Jesús, al aparecerse a sus discípulos para exhalarles el aliento divino y otorgarles así el Espíritu Santo, les ofrece la paz. La paz de Jesús tiene el poder de transformar el miedo en entusiasmo, la duda en fortaleza, la decepción en esperanza. Jesús sabe que la paz es sumamente frágil y puede quebrarse con facilidad por eso les confiere el don del Espíritu que lleva consigo una actitud de fortaleza para mantener esa paz y fomentar el perdón. Si nos dejamos conducir por el Espíritu Santo gozaremos de la paz que es fruto del arrepentimiento personal que nos conduce a un clima de concordia, tolerancia y aceptación entre todos.
Al saludar al Señor los discípulos se llenaron de inmensa alegría. Es la alegría que sienten al colaborar con el Proyecto de Dios en la instauración del Reino y en vivenciar el anuncio y la obra de Cristo en el mundo.

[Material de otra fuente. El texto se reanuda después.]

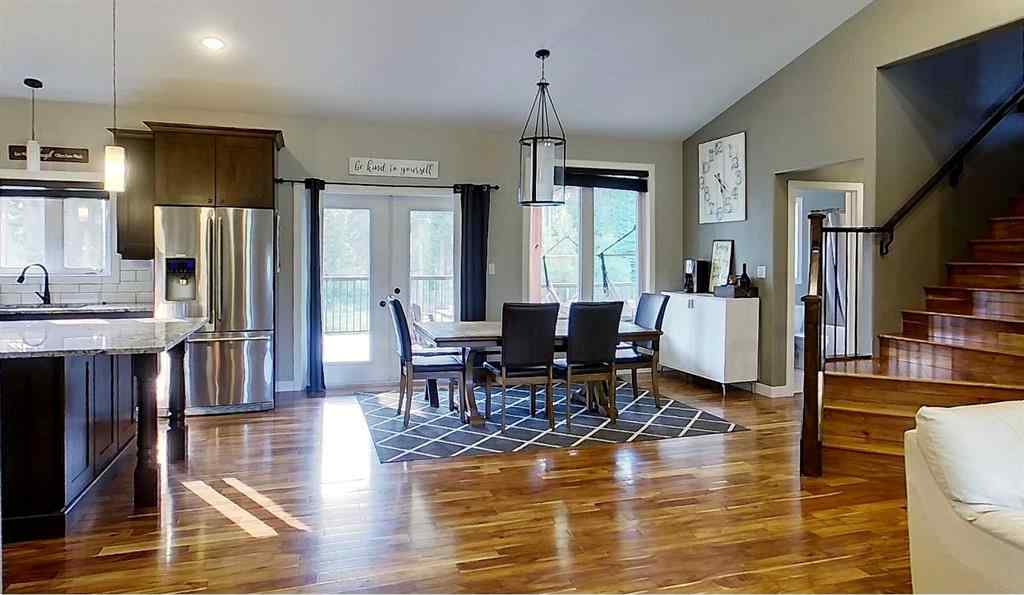 MLS® A2256996 - 54206C Highway 748 N   in NONE Rural Yellowhead County, Residential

Adherente a la paz y la alegría se encuentra el envío, la misión. Los discípulos, una vez que han superado el miedo y la duda por el poder del Espíritu Santo, se sienten ya preparados y motivados para anunciar el triunfo de la resurrección de Jesús a los hombres. No podían callar lo que habían visto y oído. Un poder nuevo perdonaba los pecados, creaba comunión y los iluminaba para proclamar su mensaje. Así, poco a poco, surgirían las primeras comunidades cristianas.
Hoy cada uno de nosotros, como los primeros discípulos que sintieron la presencia del Espíritu Santo en su vida, tenemos también la misma urgencia y el mismo compromiso: ser presencia de Dios en el mundo y testificarlo en medio de los hombres para que descubran su acción salvadora. La misma misión, la misma presencia, el mismo proyecto, el mismo Espíritu de Jesús está en nosotros.
Si permitimos que el Espíritu del Señor ilumine nuestro corazón y su luz transformante nos inunde de paz y alegría, si nos sentimos
instrumentos de su presencia en el mundo anunciando su mensaje, habrá nacido en nosotros cada día un nuevo Pentecostés.